Spread the joy
The theme yesterday, though it was not particularly coherent, was one of optimism. Investors continued to celebrate Sunday's French election result and they even managed to muster a little enthusiasm for the US president's imminent announcement on tax cuts. But the joy was not spread evenly.
Tuesday's winner was easy enough to justify. The krona strengthened by 0.8%, having been given a leg up by a fall in Swedish unemployment from 7.4% to 6.8%. It put the krona in the leading position for the week with a net gain of 2.1%. At the back of the field for the second time in three days the Japanese yen was down by 1.6% as a result of the evaporation in demand for safe havens. The yen's 2.6% decline over the last seven days leaves it at the back of the field.
The antipodeans did not benefit from the risk-on mood. Australia's dollar lost a net cent and a half to sterling after investors took a dim view of a lower-than-expected headline rate of inflation. At 2.1% it failed to match the 2.2% forecast. That figure also hurt the Kiwi, which was already on the retreat. It lost a net two and a half cents on the day.
Trump's tax plan
The US president is expected to reveal today his plan to slash corporate taxes.
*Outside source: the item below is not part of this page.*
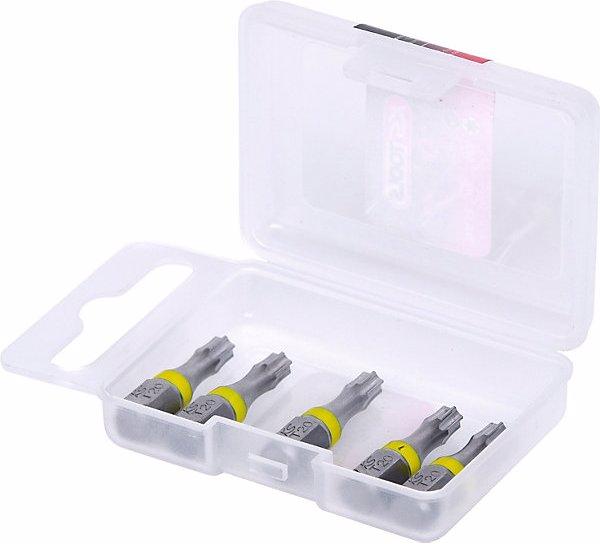 Produktbild KS Tools 1/4" TORSIONpower Bit, Länge 25 mm (T10)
Anticipation of that announcement was of greater benefit to US equities than to the dollar. In Europe there was speculation that the ECB might be girding its loins to begin considering a possible wind-down of its quantitative easing programme.
Talk of a 10% tax on repatriated US corporate profits currently held offshore was positive for share prices but less so for the dollar. Investors suspect that the plan will not easily win congressional approval. The US dollar was down by half a cent on the day and the Canadian dollar took a proportionally-similar hit as it was dragged down by the Greenback.
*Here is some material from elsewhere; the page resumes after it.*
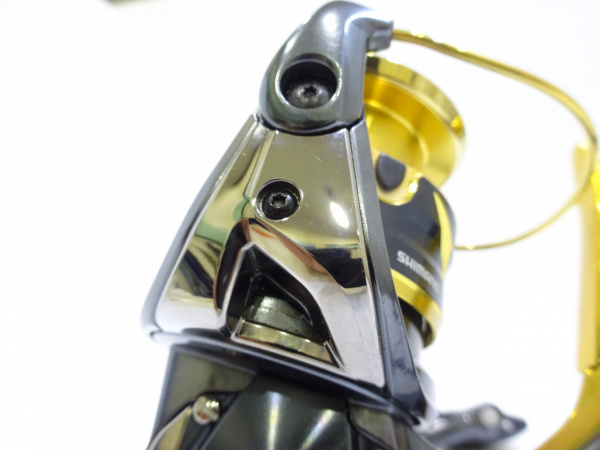 22BB-Xテクニウム C3000DXXG S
The euro added a third of a cent, helped by speculation about European Central Bank policy. The story there was that the Governing Council might start to tone down its commitment to easing-without-end, not at tomorrow's meeting but at the following one in June.
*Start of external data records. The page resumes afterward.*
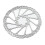 160mm Disc Brake Rust Proof Noiseless Hollow 10
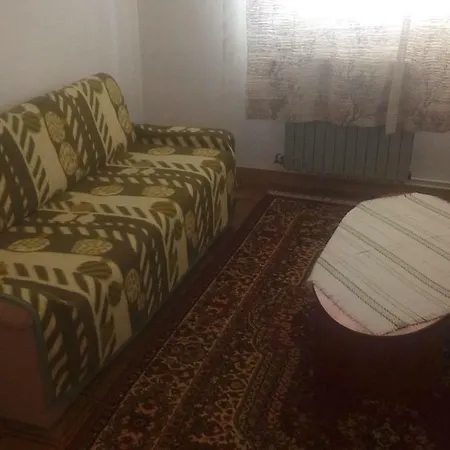 Guest house Pansion Rogovic 3*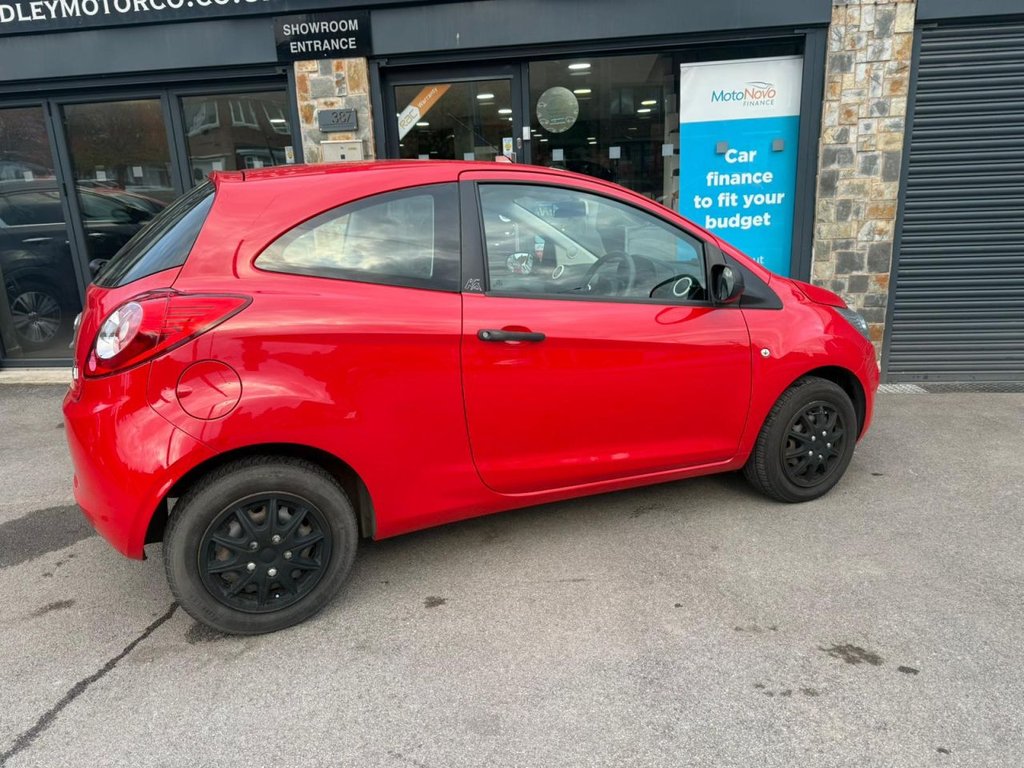 Used Ford Ka 2013 for sale - 76419958: Photo 16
Sterling could only manage third place, behind the krona and the euro, but it achieved it without any fuss or bother. On average the pound is unchanged on the week against the other major currencies. It is the clear leader over the last month, with an average gain of 3.5%.
Figures on Tuesday morning showed Britain's deficit - the gap between tax receipts and public spending - narrowing by 28% in the year to March. That took government borrowing to lowest level since 2008. The news did not do a lot for sterling but it did no harm.
There are no UK ecostats on today's agenda. The highlight will be Canadian retail sales, which are expected to be flat on the month.